Judy Frankenberg has lived on Warangee for 55 years and started planting native trees in the late 1980s.
She says the opportunity appealed to her as a way of making sure the conservation work she and her family has done over the years will remain even after she is gone.
“Receiving payments to do more conservation work is a big help because there is always some cost in maintenance and pest and weed control,” she said.
“The carbon plantings will be of great benefit because not only will the trees store carbon, which is a good thing, they will also provide payments and an all-important environmental benefit to the land.
“By putting the land under this agreement, I know that even with the changes that happen as years go by, we'll be able to make sure this work continues into the future.”
David Sloane's connection to the land goes back even further.
His family settled in the area in 1862, and generations have been farming and living there ever since. It’s not surprising he feels a deep responsibility for the conservation of the family property, near Mulwala, on the Murray River.
He grew up at Savernake, a heritage-listed pastoral property of Inland Grey Box Woodlands and Sandhill Pine Woodlands.
“I used to walk around this beautiful property as a four or five-year-old among all these trees and the trees became my friends, especially the yellow box,” he said.
“I knew every yellow box in the whole area and while I walked through the forest, I had a sense of the sacred. Someone once said the forest is a green cathedral, and that's what I felt when I was walking through.”
That childhood was 80 years ago and in the decades that have since passed, sheep were grazing across large portions of the land until a few years ago when they were removed from the western paddocks to allow the pasture to rest.
David says that in that time, and with good rain, yellow box and grey box gums have started to return to the area.

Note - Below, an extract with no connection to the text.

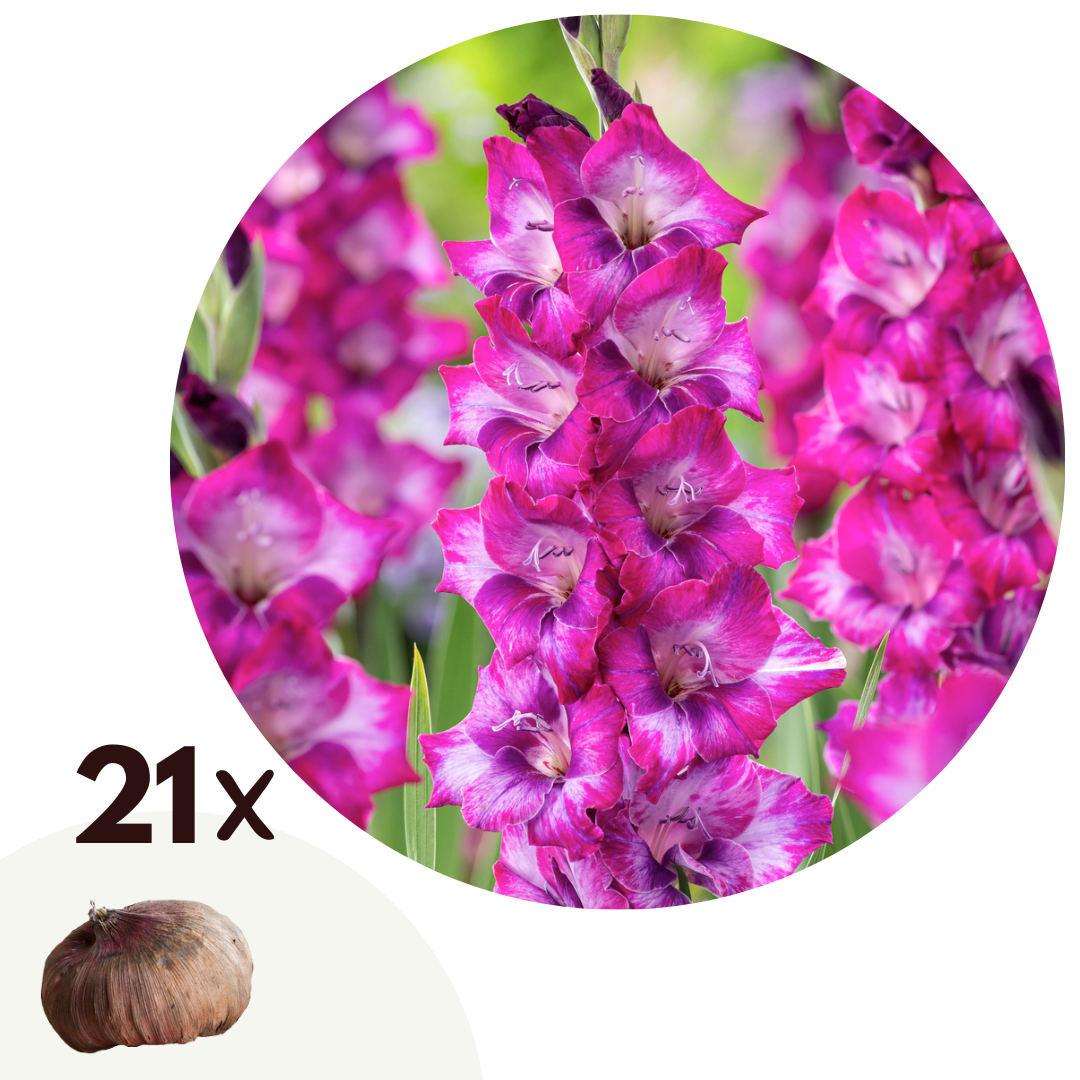 Zwaardlelie - Set van 21 - Gladiolus'Glamini Kim'- Bloembollen - Roze afbeelding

“They sprung up like weeds and at one point I tried to count them but got to 1000 and stopped because there was just too many,” he said.
“We knew if we put sheep back in there, they would eat the trees so when the BCT came along I took the opportunity to sign a conservation agreement and save them.

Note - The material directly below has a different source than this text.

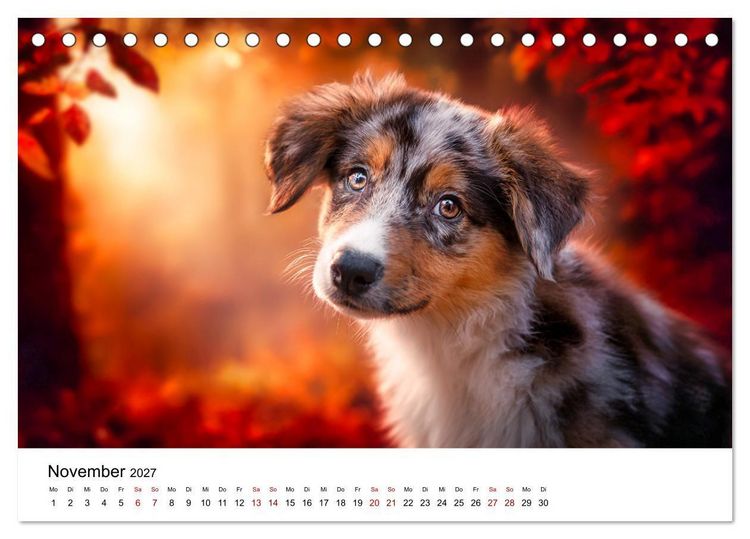 Produktbild: Born to run - Ein Jahr mit Australian Shepherds (Tischkalender 2027 DIN A5 quer), CALVENDO Monatskalender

“Now we get an annual payment, which covers things like fencing, which is vital because you to have to fence off your carbon area, and other items like fire breaks and weed control.

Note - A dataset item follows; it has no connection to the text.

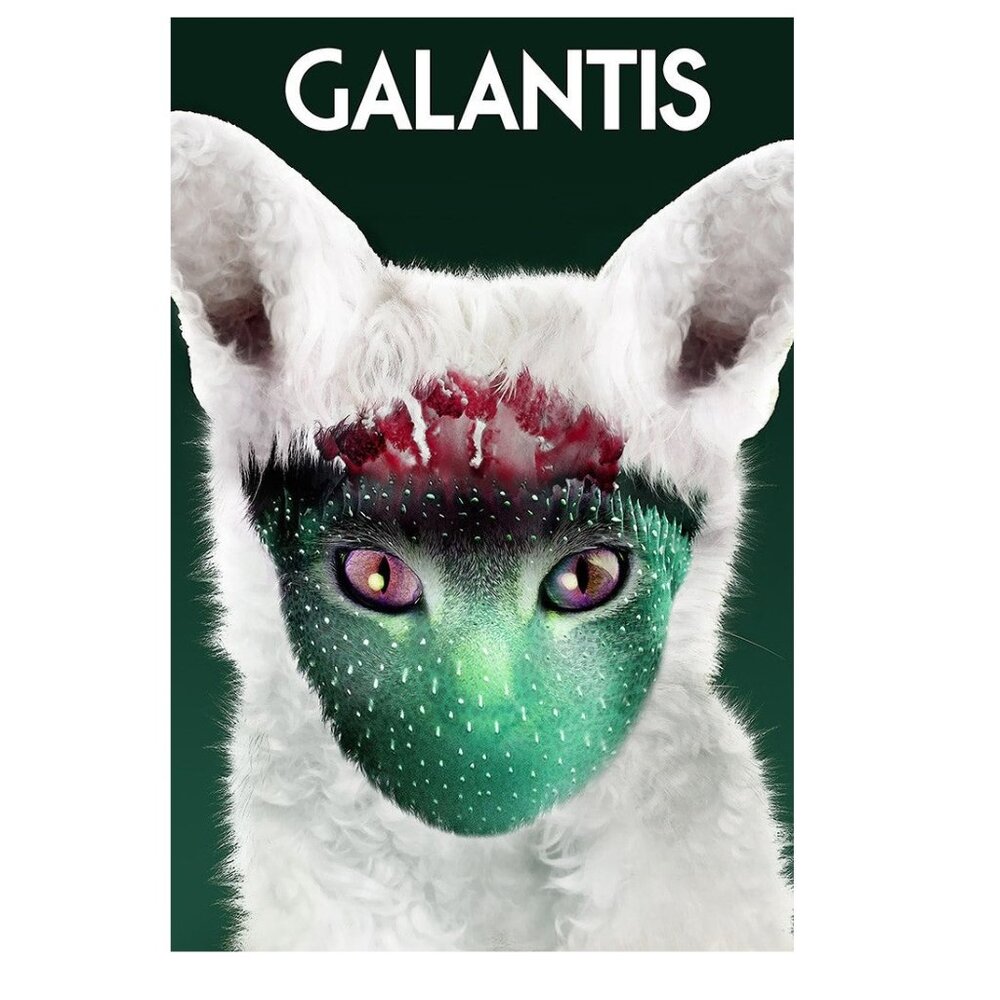 Galantis Runaway Music Poster  165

“I would encourage everyone to think seriously about putting aside some acreage to carbon farming because it's going to benefit the next generation and the next generation after that.”
Judy, David and the other landholders who have entered into the agreements have signed up to plant a diverse mix of local plant species.
NSW Biodiversity Conservation Trust Regional Manager Dieuwer Reynders says the landholders will be able to use these plantings to earn carbon credits.
“When those plants mature, the sites will be protected forever under the conservation agreements, ensuring the carbon remains in the landscape and provides exceptional biodiversity benefits in a highly modified landscape, she said.”
“This project has had the benefit of drawing on the expertise of local landholders and experts at Murray Native Seed Services who provide locally sourced seeds in their plantings.”
The NSW Biodiversity Conservation Trust has invested $6.31m into this program to date. Funding has been set aside in the NSW Government’s Biodiversity Conservation Fund for private landholders to manage the newly protected sites in-perpetuity.